Problem to work on → Please repeat only the lines below starting at the line that holds "Detail of gold-plated" and ending at the line that holds "Cinematic image of", exactly, with both of those lines included and every picture omitted.

Information given →
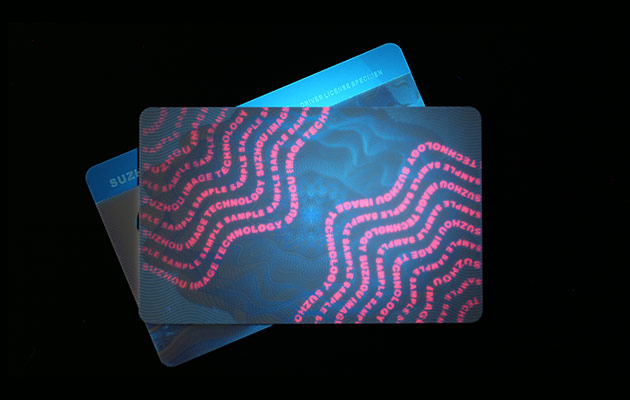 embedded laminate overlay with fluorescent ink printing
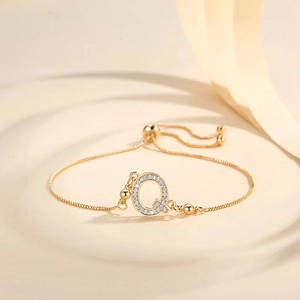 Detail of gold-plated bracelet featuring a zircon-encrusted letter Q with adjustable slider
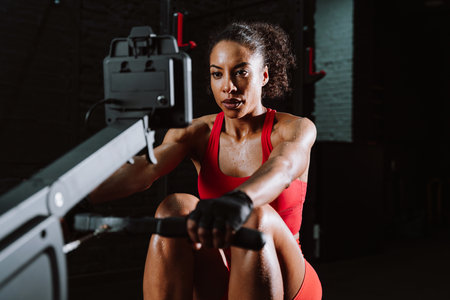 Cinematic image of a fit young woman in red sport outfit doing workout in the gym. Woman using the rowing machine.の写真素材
==
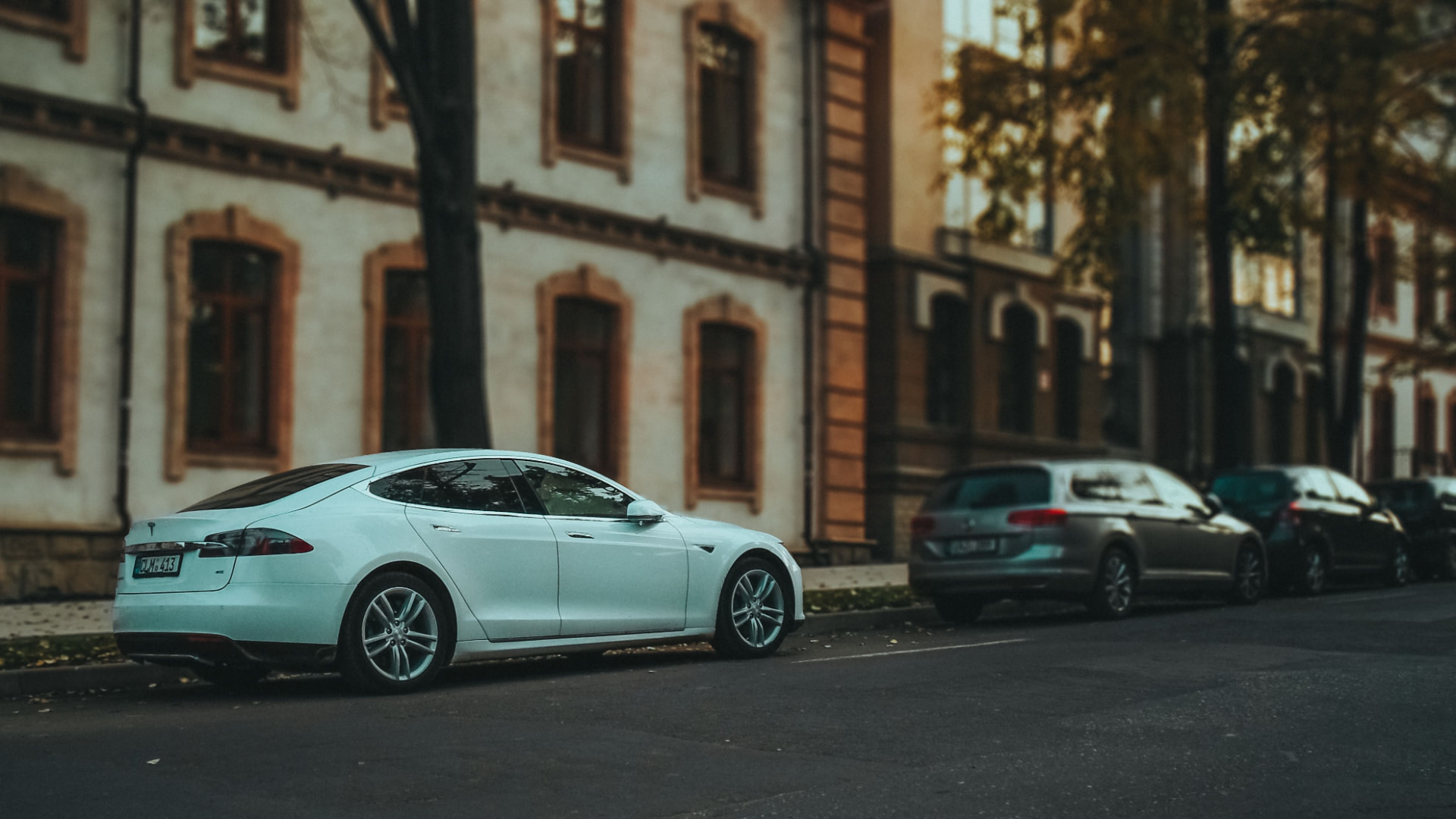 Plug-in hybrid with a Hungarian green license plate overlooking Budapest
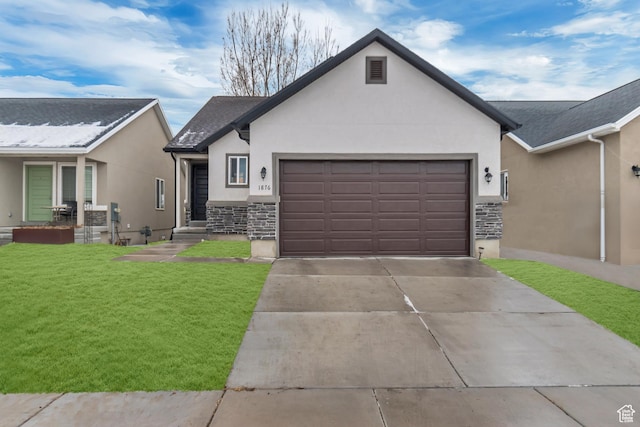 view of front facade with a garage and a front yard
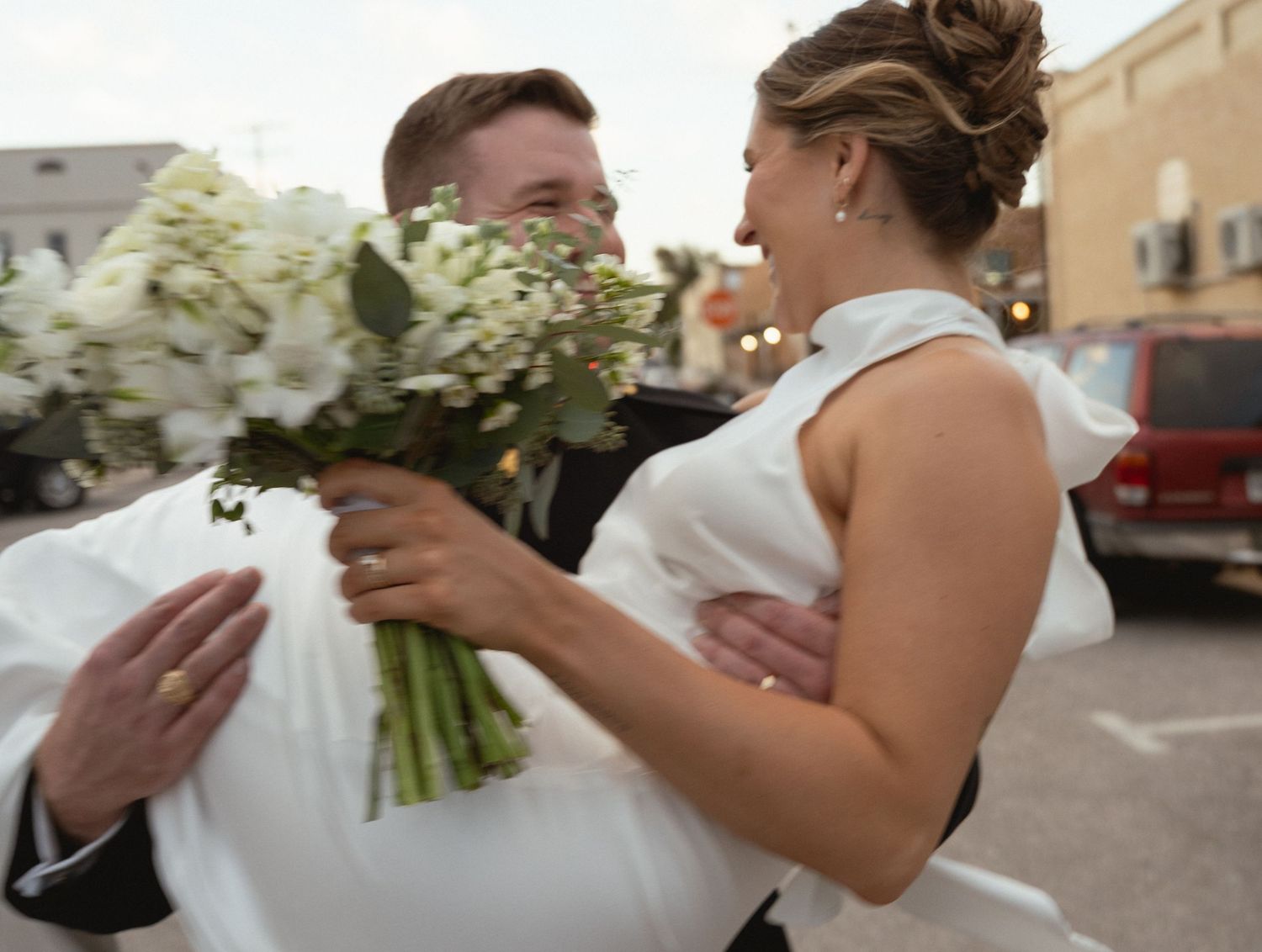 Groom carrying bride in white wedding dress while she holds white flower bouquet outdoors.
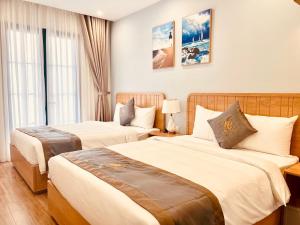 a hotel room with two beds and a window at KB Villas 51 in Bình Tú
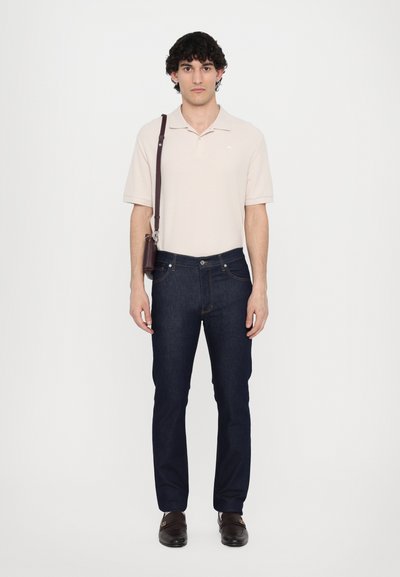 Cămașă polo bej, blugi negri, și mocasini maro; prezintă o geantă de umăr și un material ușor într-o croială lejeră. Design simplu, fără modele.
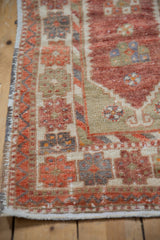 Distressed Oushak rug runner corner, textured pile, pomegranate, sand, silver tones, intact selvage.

Solved problem →
 Detail of gold-plated bracelet featuring a zircon-encrusted letter Q with adjustable slider
 Cinematic image of a fit young woman in red sport outfit doing workout in the gym. Woman using the rowing machine.の写真素材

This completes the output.